The Egyptian head of state promised to address Egypt's most pressing issues including its traffic problem, accumulated garbage, fuel and bread shortages and the security vacuum, in less than four months.
"There has been a lot of progress in at least four of these files. People only focus on the negatives," claimed Ahmed Oqeil, Cairo spokesman for the Muslim Brotherhood’s Freedom and Justice Party (FJP).
Oqeil is also a member of the National Front for the Protection of the Revolution (NFPR), a coalition which includes non-Islamists and members of the Brotherhood, launched days before Morsi's presidential win to rally support for the Brotherhood candidate.
Ahmed Imam, another member of the NFPR who voted for Morsi in the presidential runoff with former regime member Ahmed Shafiq, dismissed the five presidential promises as "only electoral slogans which were unattainable in 100 days."

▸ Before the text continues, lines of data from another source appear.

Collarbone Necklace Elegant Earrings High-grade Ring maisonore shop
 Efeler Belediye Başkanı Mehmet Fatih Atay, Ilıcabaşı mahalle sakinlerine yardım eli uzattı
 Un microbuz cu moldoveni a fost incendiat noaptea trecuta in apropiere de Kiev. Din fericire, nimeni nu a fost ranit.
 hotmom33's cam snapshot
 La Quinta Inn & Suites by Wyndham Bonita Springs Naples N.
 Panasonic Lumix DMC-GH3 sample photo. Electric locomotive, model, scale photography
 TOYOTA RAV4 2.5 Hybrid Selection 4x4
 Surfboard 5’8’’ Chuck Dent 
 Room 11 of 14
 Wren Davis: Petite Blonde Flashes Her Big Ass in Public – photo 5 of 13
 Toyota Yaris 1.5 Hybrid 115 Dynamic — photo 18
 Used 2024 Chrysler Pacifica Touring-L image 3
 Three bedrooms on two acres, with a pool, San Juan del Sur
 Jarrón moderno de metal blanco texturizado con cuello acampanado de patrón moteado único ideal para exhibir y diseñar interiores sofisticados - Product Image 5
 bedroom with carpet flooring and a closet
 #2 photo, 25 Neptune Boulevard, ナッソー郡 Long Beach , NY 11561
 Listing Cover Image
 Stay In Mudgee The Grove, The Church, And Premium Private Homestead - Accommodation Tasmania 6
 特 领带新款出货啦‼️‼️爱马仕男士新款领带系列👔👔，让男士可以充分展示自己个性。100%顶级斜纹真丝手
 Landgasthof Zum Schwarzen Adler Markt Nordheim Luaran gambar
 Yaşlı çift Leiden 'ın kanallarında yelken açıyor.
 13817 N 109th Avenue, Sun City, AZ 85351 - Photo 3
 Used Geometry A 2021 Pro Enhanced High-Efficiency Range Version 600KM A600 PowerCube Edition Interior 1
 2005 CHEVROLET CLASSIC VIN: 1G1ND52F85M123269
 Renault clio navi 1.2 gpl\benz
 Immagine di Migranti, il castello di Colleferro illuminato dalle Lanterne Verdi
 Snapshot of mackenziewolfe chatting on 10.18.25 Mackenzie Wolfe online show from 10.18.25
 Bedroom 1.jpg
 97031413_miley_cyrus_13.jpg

Rather it was more important, he said, to focus on Morsi's failure to use the "historic revolutionary moment to change Egypt’s approach to its economy."
"Instead of forging economic policies in favour of the poor by setting a minimum and maximum wage, forcing progressive taxation and renationalising the country’s robbed companies, [Morsi] chose to side with the rich and follow the same path as the old ruling party in depending on loans," Imam opined, referring to the controversial $4.8 billion sum from the International Monetary Fund that Morsi's administration is currently negotiating.
Oqeil, however, argued that although there are several pending issues that Morsi promised to resolve, he had made headway with regards to social issues during the last three months.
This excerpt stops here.